## A likely story

The foundation for most modern statistical inference is the log-likelihood function.  By maximising the value of this function, we find the maximum-likelihood estimate (MLE) for a given parameter, i.e. the most likely value given the model and data.  For models with more than one parameter, we find the set of values which jointly maximise the log-likelihood.

This much is basic statistics.  However, the log-likelihood function can give you more insight than just yielding MLEs.  In particular the shape and curvature of the log-likelihood tells you how much confidence you can have in a particular MLE.  By way of example, consider fitting a simple Makeham model for the force of mortality, μx:

μx = exp(ε) + exp(α + βx)

for which we can find the triplet of values for α, β and ε which jointly maximises the log-likelihood, and therefore provides the joint MLEs for the three parameters.
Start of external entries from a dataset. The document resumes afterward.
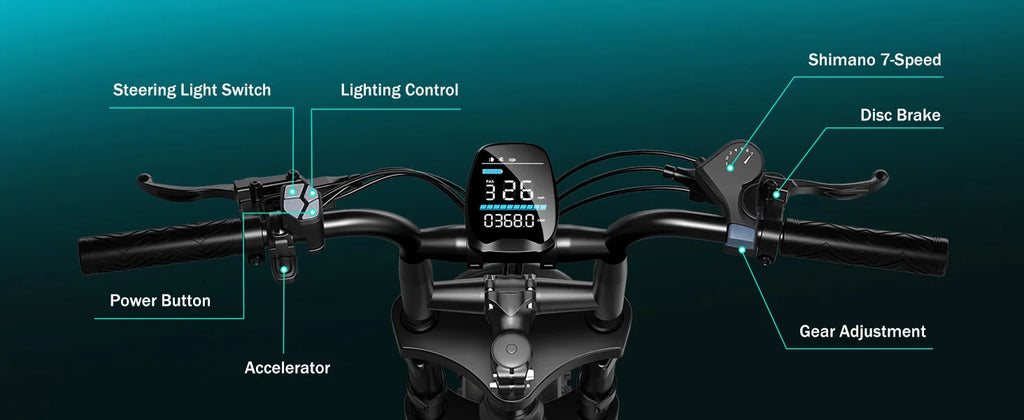 e-bike, 20" fat tires, 60-mile range, for all terrains.
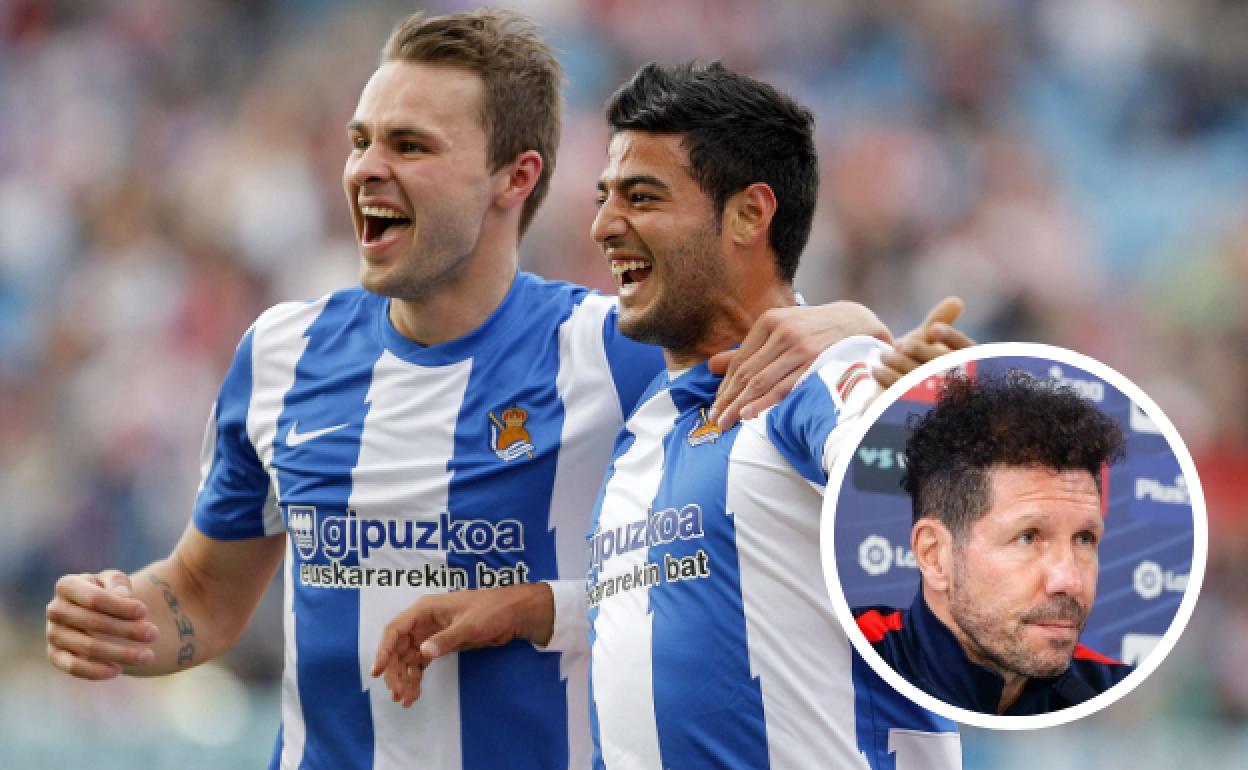 Vela celebra su tanto en el Calderón con Demidov.
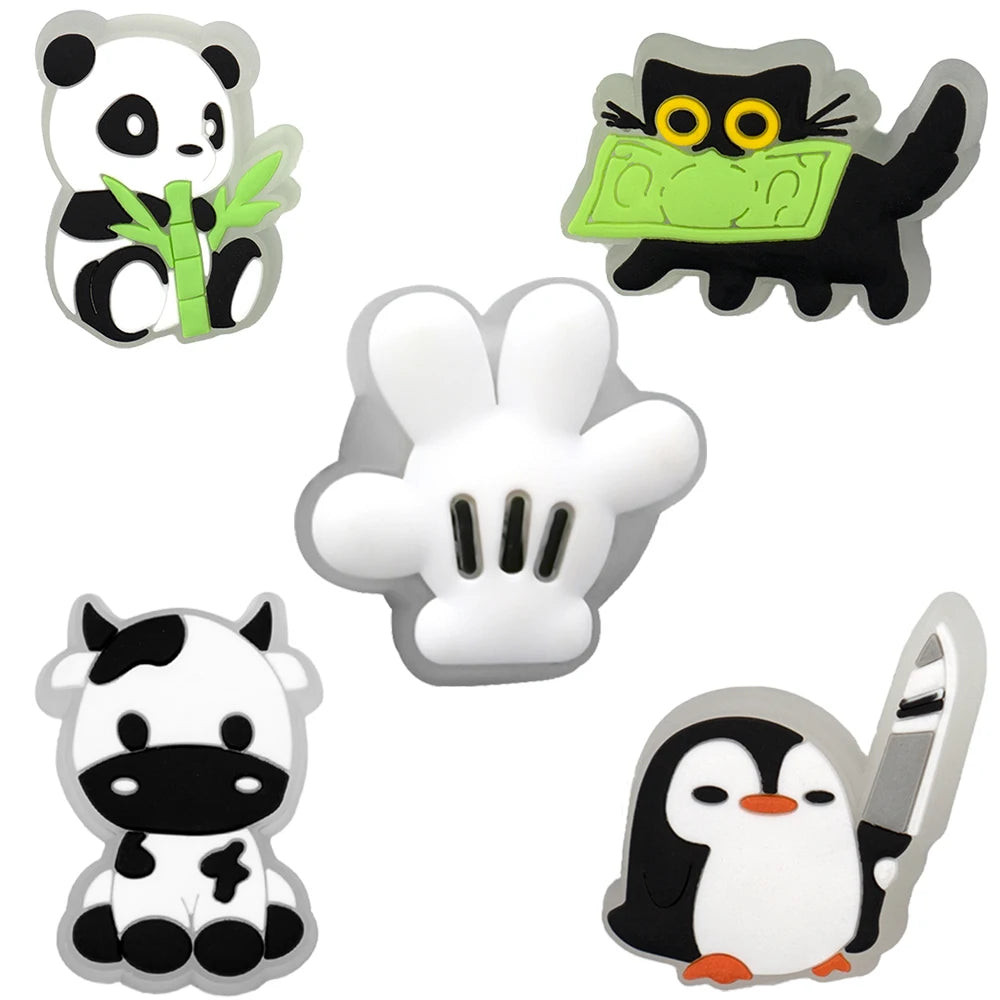 5PCS LED Clog Shoe Charms Cute Animal Duck Gamepad Pig Black Cat Shoe Buckle Accessories Pins for Women Men Cute Shoe Decoration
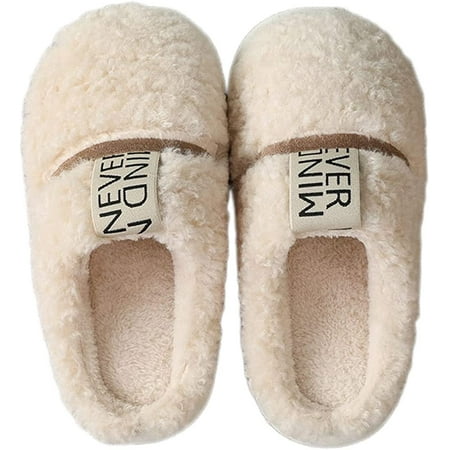 

PIKADINGNIS Women Faux Fur Winter Slippers Cozy Soft Plush Warm Slipper Memory Foam Indoor Shoes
We can also plot the log-likelihood for values around each parameter, which we do below for ε:

which shows that while the MLE for ε is -5.94, there is support for values in the interval (-6.40, -5.62) given the MLEs for α and β.  This suggests that the Makeham parameter for a constant background level of mortality is a valid model for this data set.  One of the handy things about support intervals is that they don't involve any further assumptions and don't have to be symmetric.  In the above example we can see that support on the right falls away faster than on the left.
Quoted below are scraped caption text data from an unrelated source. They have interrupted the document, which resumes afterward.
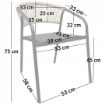 Kontrasto Набор из 4 стульев Portino 53x62x75 см, чёрный/серый, для двойной двери, 80010 - Home Club, изображение 3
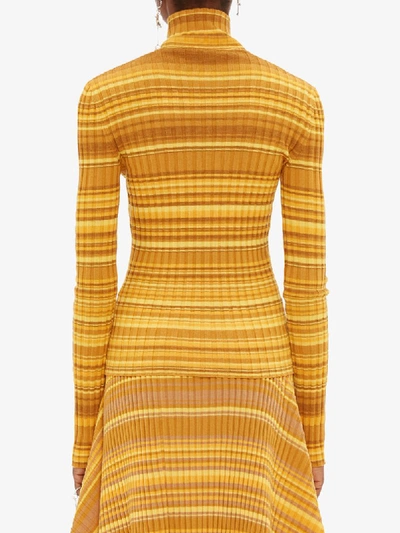 Shop Jw Anderson Neckbang Ribbed Striped Jumper In Yellow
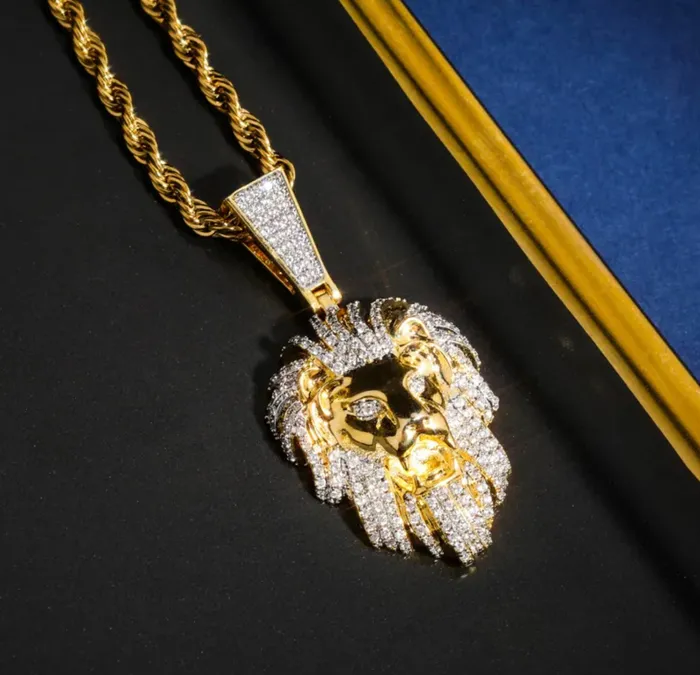 Necklaces Minx London Lion Pendant Iced Out Pendant Gold Lion Pendant Diamond Lion Pendant Iced Necklace Angel Necklace Hip Hop Chain Iced Jewellery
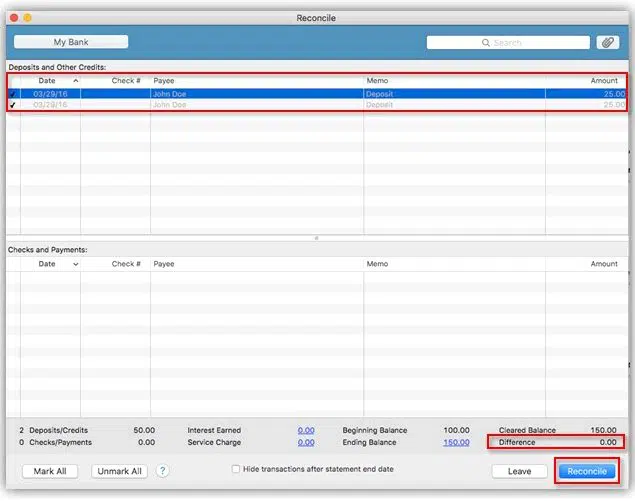 QuickBooks reconcile - Image 2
The classical approach to statistical inference is to assume that the parameter estimate has a Normal distribution around the true value with a standard error of σ (say).  Thus, we would be 95% confident that the true value of ε in our example would lie within ±2σ of the estimated value.  The classical approach assumes a symmetric distribution around the true parameter value, and the usual means of doing this is to approximate the log-likelihood by a quadratic function.  We can see in the above graph that the log-likelihood is actually mildly skewed, but a quadratic approximation will be reasonable for the purpose of getting a rough standard error.
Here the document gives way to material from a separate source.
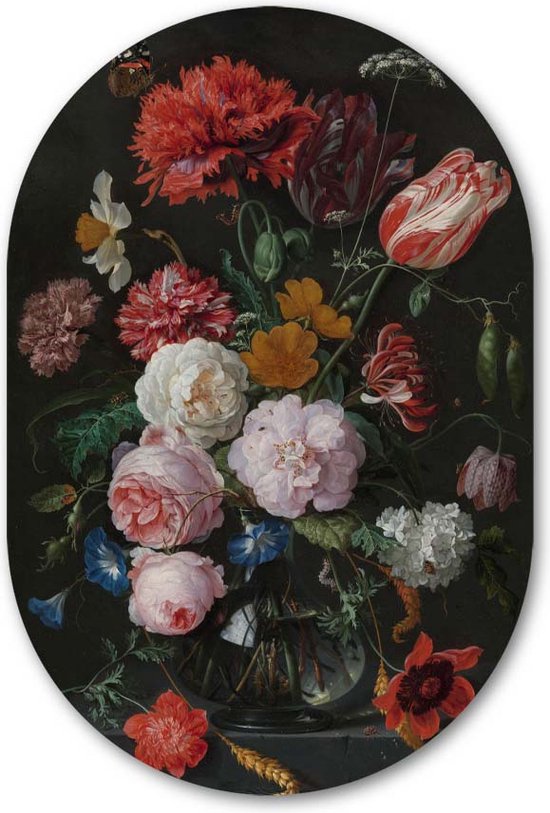 Wandovaal Stilleven met bloemen in een glazen vaas - WallCatcher | Geborsteld Aluminium 100x150 cm | Ovalen schilderij | Muurovaal Meesterwerk Jan Davidsz. de Heem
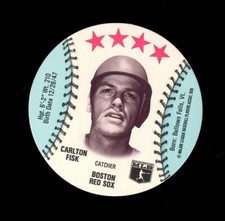 1976 MSA Blank Back Discs CARLTON FISK Boston Red Sox MINT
The problem with the classical approach is when the log-likelihood is neither symmetric nor approximately quadratic.  To illustrate this, consider the same profile log-likelihood for ε in the same Makeham model, but this time for a different data set where the Makeham parameter is not significant:

In this case the classical approach leads to a value for σ of 84,432, which is wildly larger than the likely values ε can take. This is caused by the log-likelihood being not remotely quadratic in shape, and certainly not symmetric.  The support-interval approach is more revealing, since the support interval for ε is actually (-infinity, -7.34).  This reflects the fact that the Makeham parameter is not significant, since exp(-infinity) is zero.